======== Task material

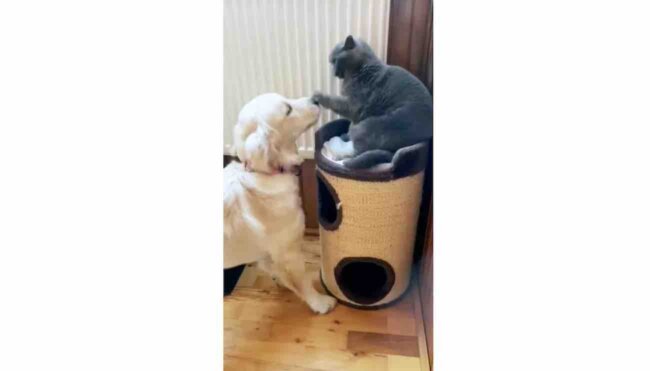 ゴールデンレトリーバー,動画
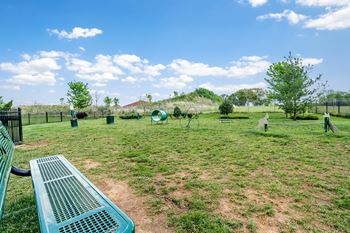 Two dog parks (one with agility equipment)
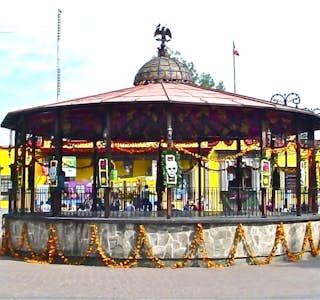 Tales of Mexico While Sightseeing in Coyoacan's gallery image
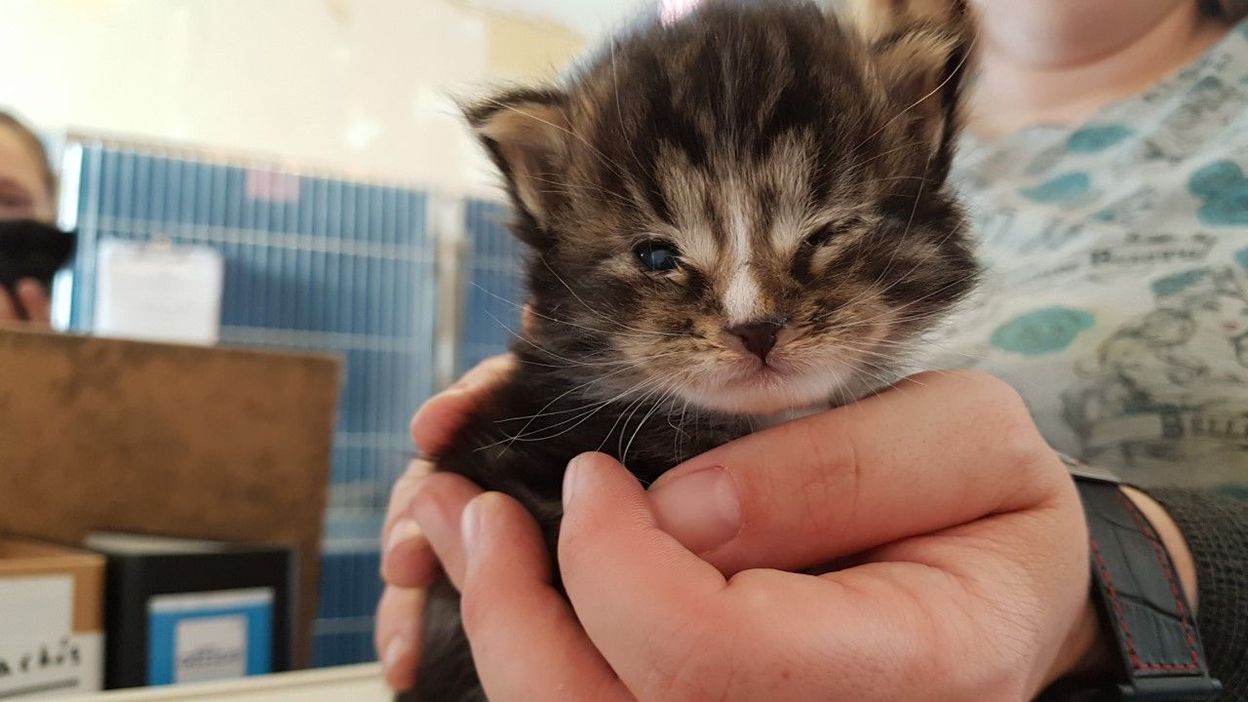 Et Si Vous Deveniez Famille D Accueil Pour Chatons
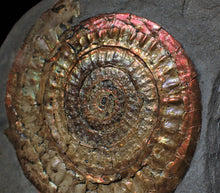 Load image into Gallery viewer, Complete large Copper and red iridescent Caloceras display ammonite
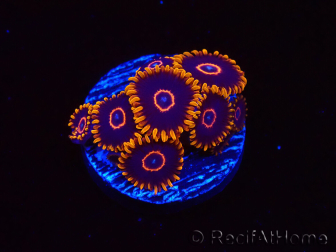 WYSIWYG - Zoanthus Red Hornet 2D1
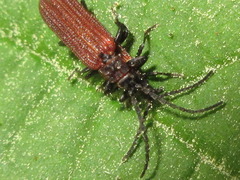 Benibotarus spinicoxis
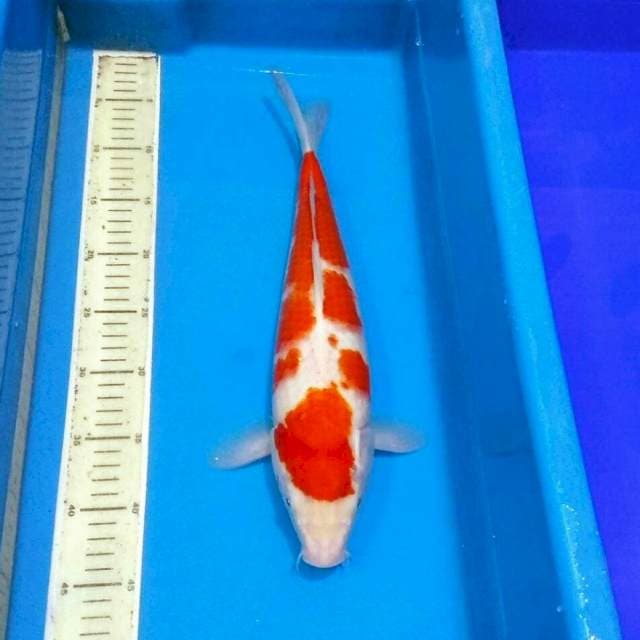 Kohaku calon jumbo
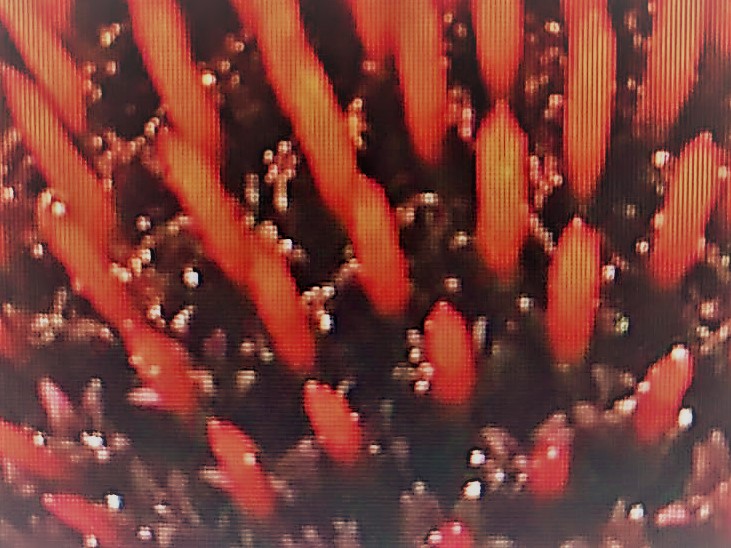 O EXERCÍCIO DA DOCÊNCIA NA PRIMEIRA ETAPA DA EDUCAÇÃO BÁSICA: A UTILIZAÇÃO DAS SEQUÊNCIAS DIDÁTICAS NA EDUCAÇÃO INFANTIL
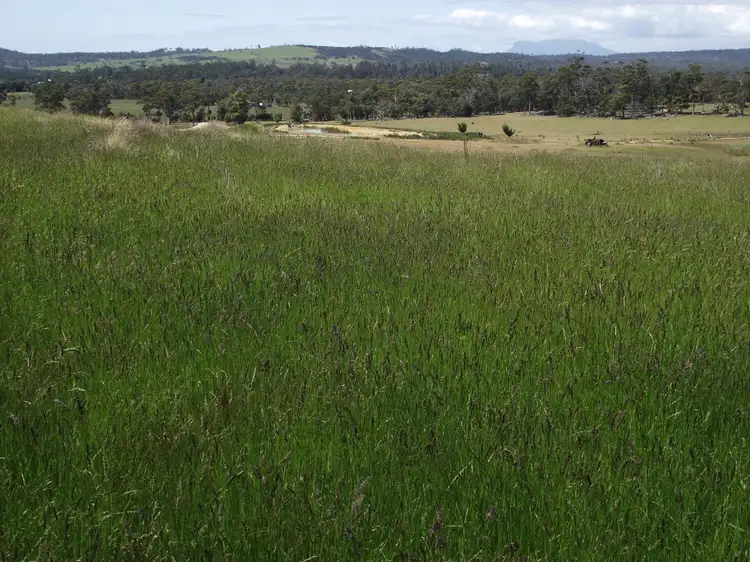 Sixth view of Homely rural property listing, 30 Bresnehans Road, Little Swanport TAS 7190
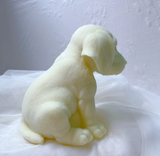 Cute Puppy Dog Candle Beagle Labrador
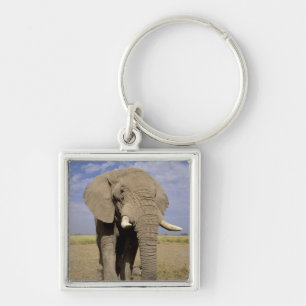 Llavero Kenia: Parque Nacional Amboseli, elefante macho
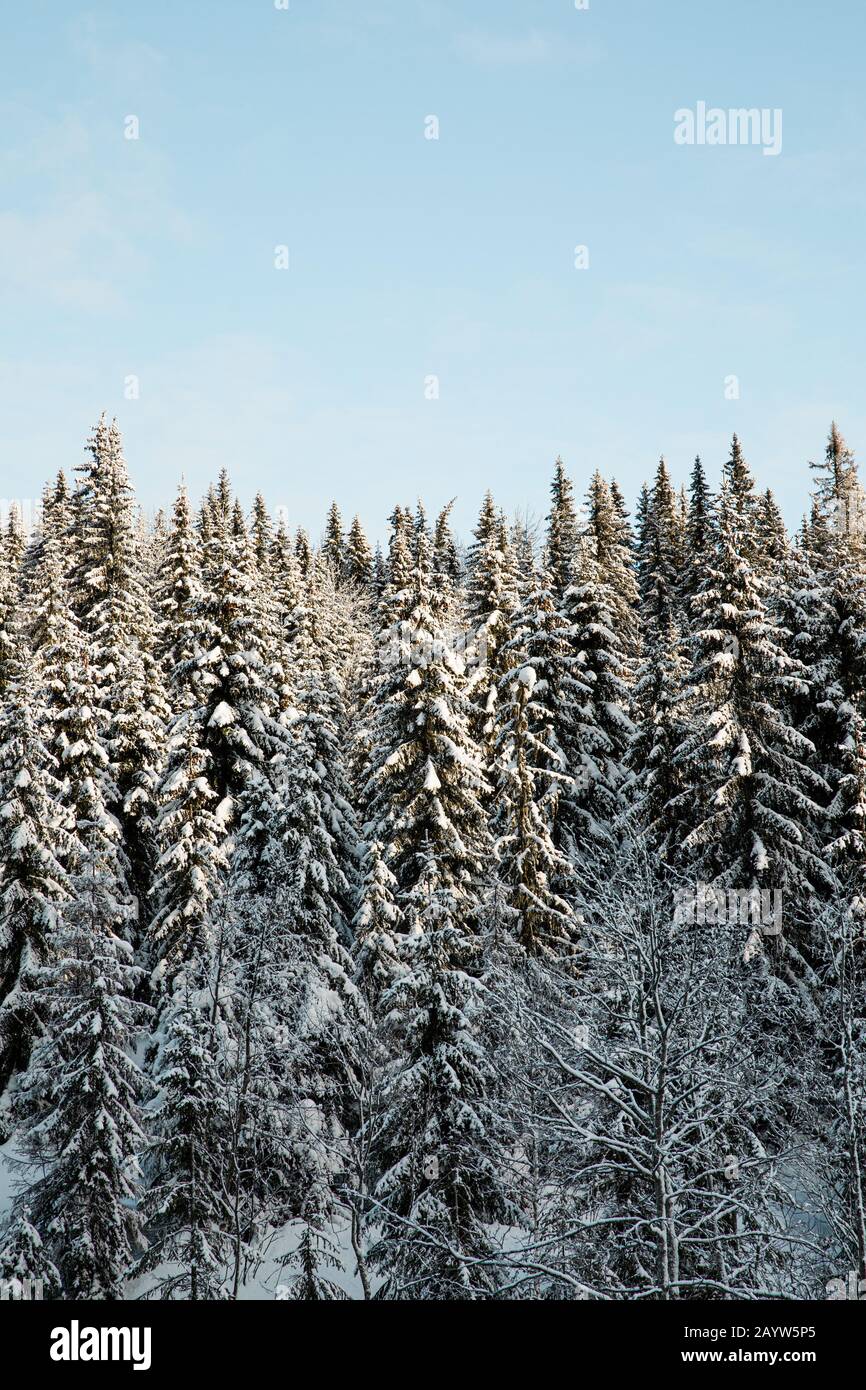 Bosque cubierto de nieve de árboles de abeto noruegos con cielo azul claro en Noruega Foto de stock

================

Nothing but the lines from the one containing "Llavero Kenia: Parque" through the end of the listing is to be output, and those lines are to be output exactly, pictures excluded.

 Llavero Kenia: Parque Nacional Amboseli, elefante macho
 Bosque cubierto de nieve de árboles de abeto noruegos con cielo azul claro en Noruega Foto de stock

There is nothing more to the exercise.